In this article, we will detail the atomic operations and C++11 memory barriers and the assembler instructions generated by it on x86_64 CPUs.

Next, we’ll show how to speed up the work of contfree_safe_ptr<std::map> up to the level of complex and optimized lock-free data structures that are similar to std::map<> in terms of their functionality, for example: SkipListMap and BronsonAVLTreeMap from libCDS library (Concurrent Data Structures library): https://github.com/khizmax/libcds

And we can get such multi-threaded performance for any of your initially non-thread-safe T-class used as contfree_safe_ptr<T>  –  it is  safe_ptr<T, contention_free_shared_mutex>  class, where contention_free_shared_mutex  is own optimized shared-mutex.
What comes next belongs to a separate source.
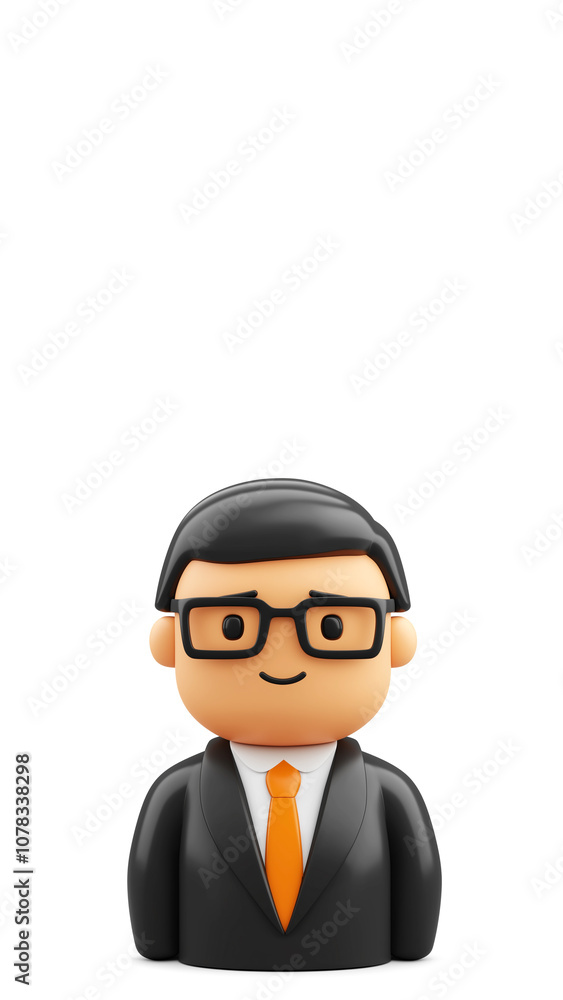 Administrator, 3D icon illustration, smiling, black suit, tie, eyeglasses, isolated on white background, design concept and education material. Copy space, aspect ratio 9:16 Administrator, 3D icon illustration, smiling, black suit, tie, eyeglasses, isolated on white background, design concept and education material. Copy space, aspect ratio 9:16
Namely, we will show how to realize your own high-performance contention-free shared-mutex, which almost does not conflict on readings. We implement our own active locks - spinlock and recursive-spinlock - to lock the rows in the update operations. We will create RAII-blocking pointers to avoid the cost of multiple locking. Here are the results of performance tests.

And as «Just for fun» bonus, we will demonstrate the way of realization of our own class of simplified partitioned type partitioned_map, which is even more optimized for multithreading, consisting of several std::map, in analogy with partition table from RDBMS, when the boundaries of each section are known initially.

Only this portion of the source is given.